Fraud is often tricky because there are relatively few fraud cases in a large population so you have to look at lots of data. It is hard to use many algorithms as a result as there are no enough “bads” among the “goods”. The 11g ODM has a One Class Support Vector Machine. This can be used to find anomalous records where you lack many examples. This is the anomaly detection algorithm in ODM which considers multiple attributes in various combinations to see what marks a record as anomalous. It first finds the “normal” and then identifies how unlike this each record is – there is no sample set.
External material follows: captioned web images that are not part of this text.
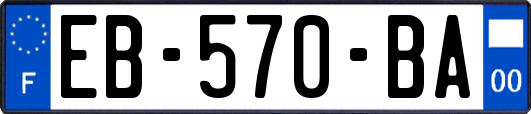 EB-570-BA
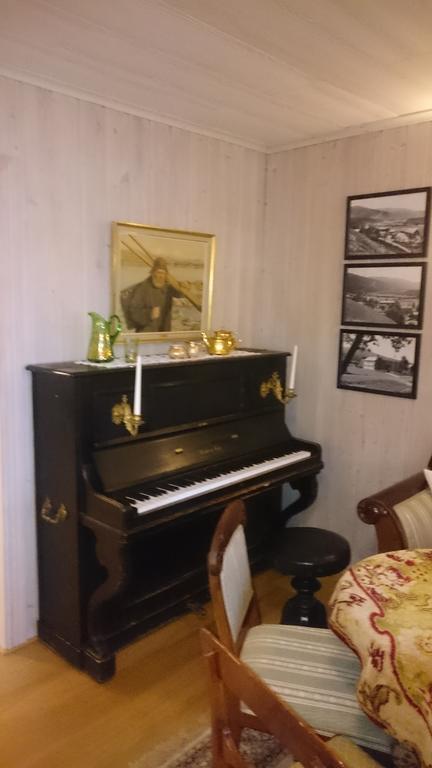 Grong Gård Guesthouse Eksteriør billede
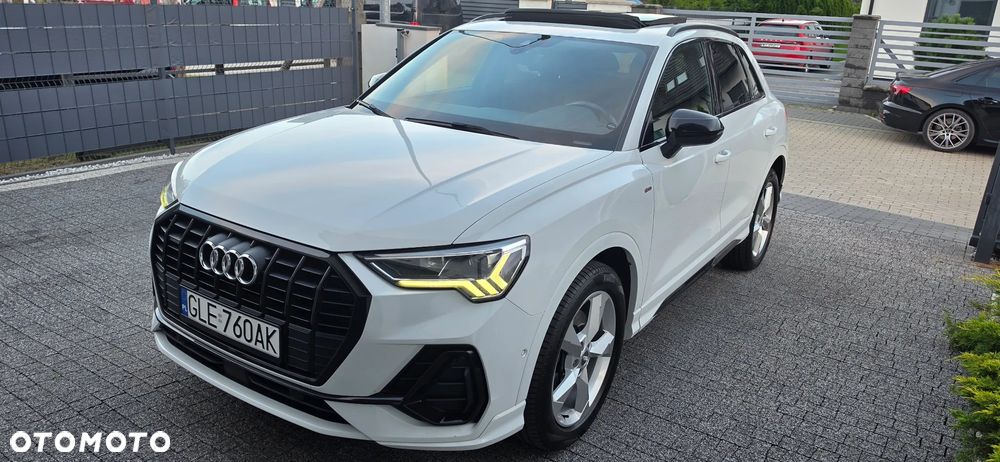 Audi Q3 2019 photo 4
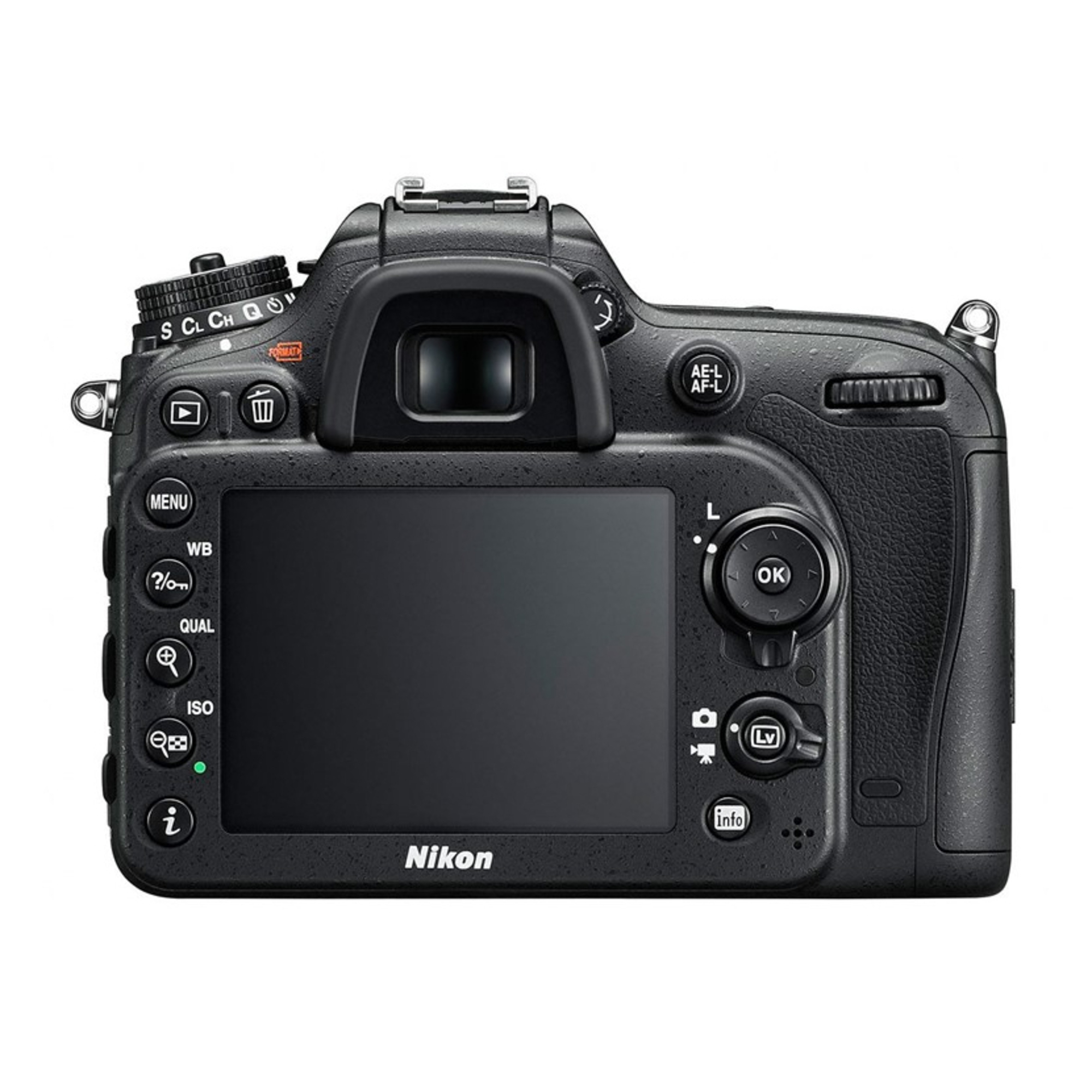 Appareil Photo Reflex Nikon D7200 VBA450K001 – 24,2 MP, Vidéo Full HD, Wi-Fi - vue 4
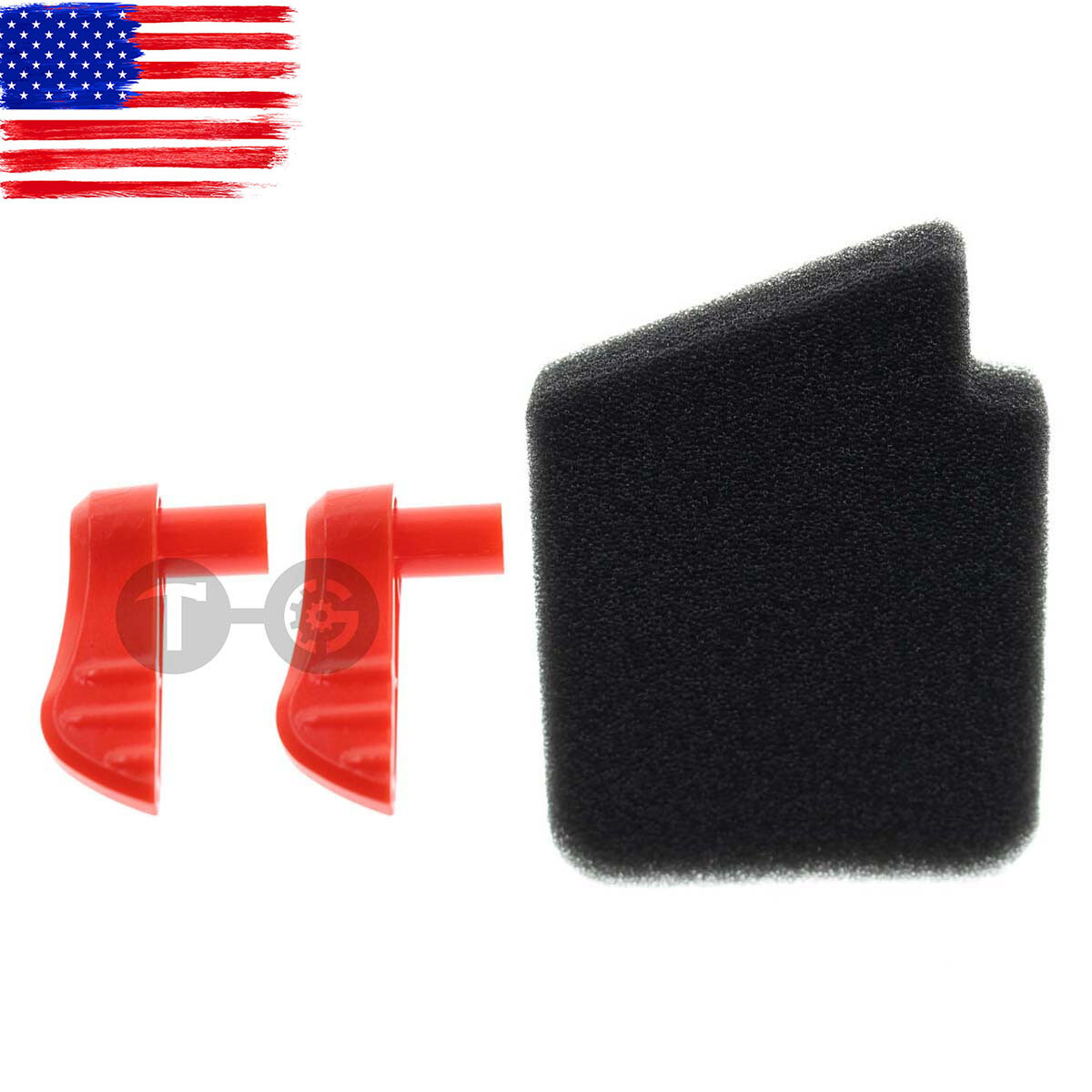 Air Filter Carburetor Choke Lever For Poulan Craftsman Leaf Blower VS2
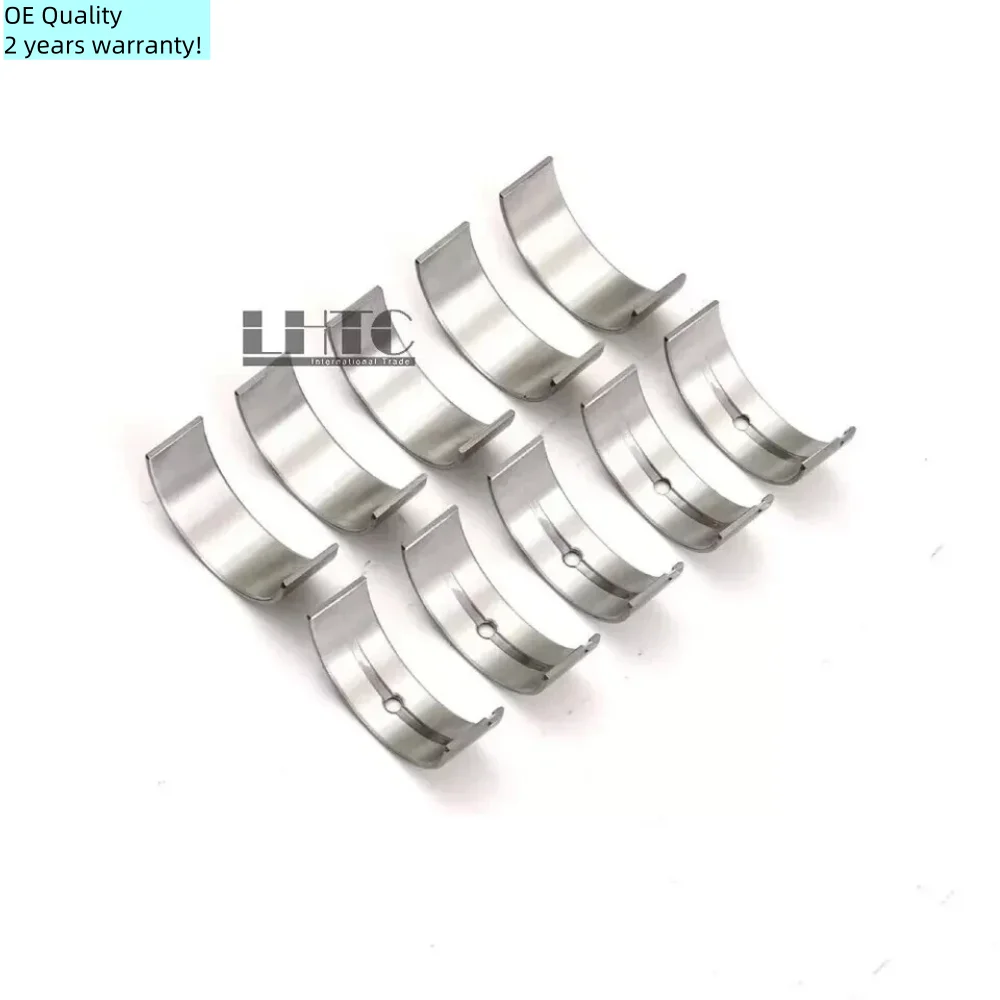 Engine Crankshaft Main Bearings STD 11 21 7 585 452# For BMW Mini 116i Cooper S F30 R56 N12 N14
Engine Crankshaft Main Bearings STD 11 21 7 585 452# For BMW Mini 116i Cooper S F30 R56 N12 N14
The algorithm can use unstructured data, text, also and use nested transactional data (all the claims for a person for example). Charlie walked through the very automated process of creating such a model and made the point that multiple algorithms can and often should be applied to enrich the analysis. As before, this information is accessible to the BI and reporting tools.
Karl Rexer (publisher of this nice report), came up next to give some examples ranging from warranty abuse, false repairs, tax fraud and counterfeiting. He made the point that these algorithms identify suspicious behavior, the probability of fraud, but that companies have to decide how to act on these suspicions. Predictive models, of course, make predictions they don’t take actions – that takes people or rules-based decisions. Lots of fraud goes uncaught partly because companies don’t want to admit it or because they accept it as a cost of doing business. They also fear that detecting fraud can affect customer service (which it can, false positives are really good at upsetting people). Karl had some suggestions:
- Leverage domain expertise
- Create metrics and red-flag thresholds
- Find outliers
- Look for individuals and groups
- Cluster analysis, anomaly detection and link analysis are particularly useful
- Automate flagging – something that resonates with me given the volumes of transactions and customers most companies have
- Use common sense! Think about the rules that can be defined, natural boundaries etc.
Natascha from UC San Diego talked about their work on using analytics to detect Medicare and Medicaid fraud nationally. She made the point that fraudsters will change their behavior as fraud is detected more aggresively. This post-payment fraud analysis is particularly good at catching organized networks but it is “pay and chase” rather than preventing fraudulent payment (something done by products like Fair Isaac’s Payment Optimizer, for instance).